INSERT INTO points_for_fastest_lap (fastestlaprank, bonus_points) VALUES
(1, 1);

/*
POINTS PER YEAR AND POINTS PER RACE ADJUSTED FOR CHANGES IN POINT SCORING METHODOLOGY OVER TIME
This first finding is about which of the F1 drivers have scored the most points over their career. Specifically measured as points per year and points per race, to adjust for some drivers having longer careers
than others. Additionally the point scoring methodology has changed over time, meaning someone who completed a race in 2005, for instance, would have gotten less points for a given performance than they would
have for the same performance in a 2024 race.

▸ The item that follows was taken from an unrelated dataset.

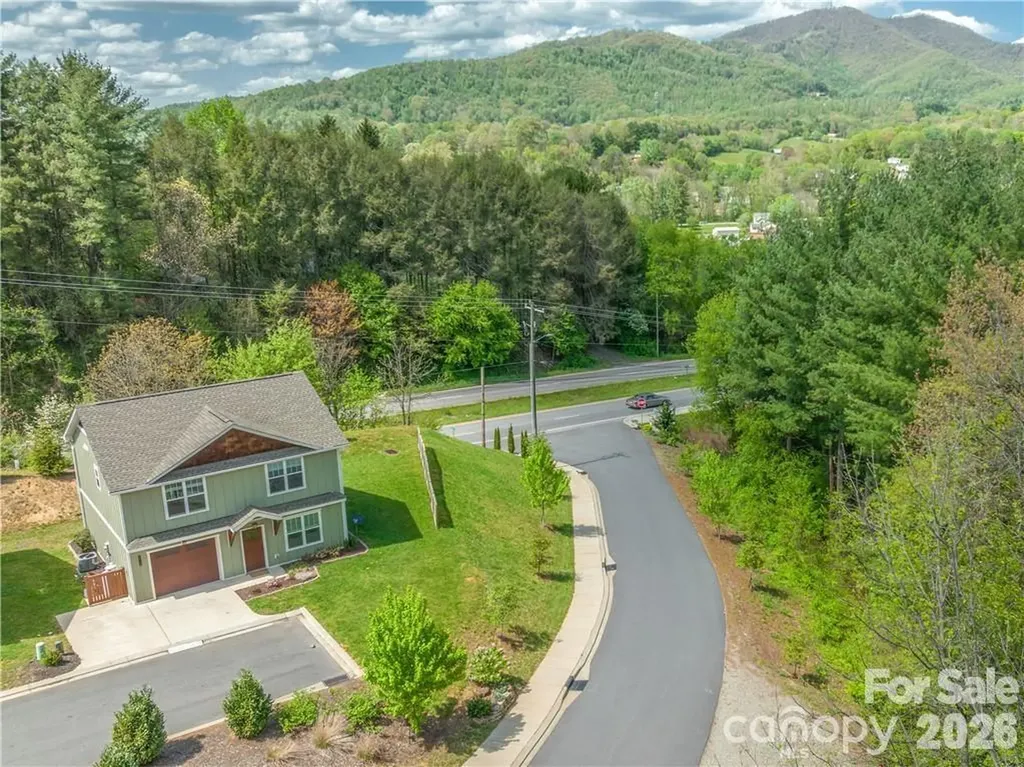 101 Towne Place Clyde NC 28721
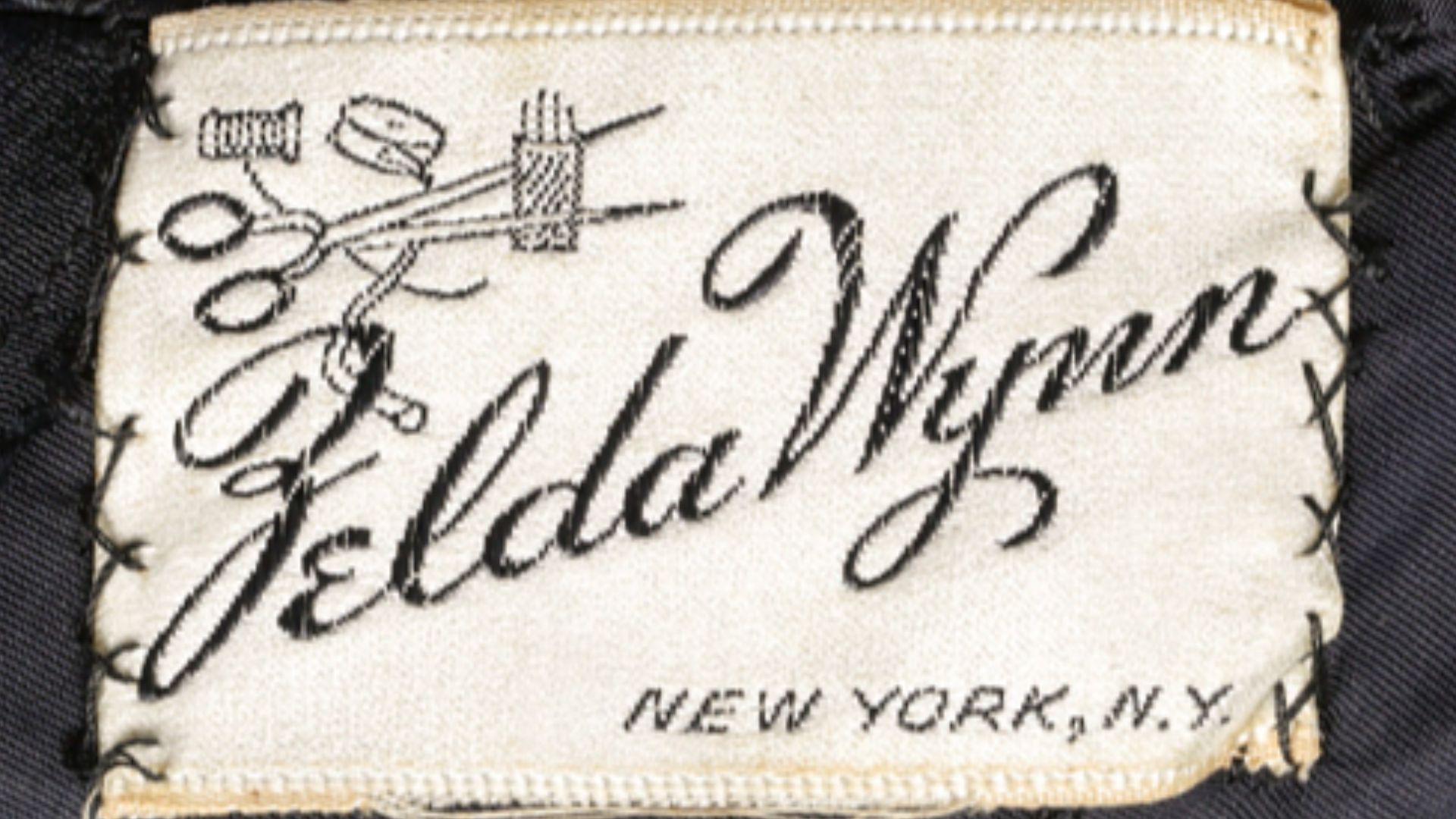 File:Etikett Kleid Ella Fitzgerald.jpg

The modern_point_system table contains the current point distributions for each of the top 10 placements in a race, which are the placements that currently get rewarded. These have been used to retroactively adjust
drivers' points score for races completed using older point scoring rules. Additionally, in modern races, the driver with the fastest lap overall get rewarded an additional point, which the points_for_fastest_lap
table is used to add. These additions mean that the resulting ranking of drivers is much closer to the true ranking, if the point scoring system had been consistent over time, but this also means that it deviates
quite significantly from the result that you would get from just aggregating points in the original dataset.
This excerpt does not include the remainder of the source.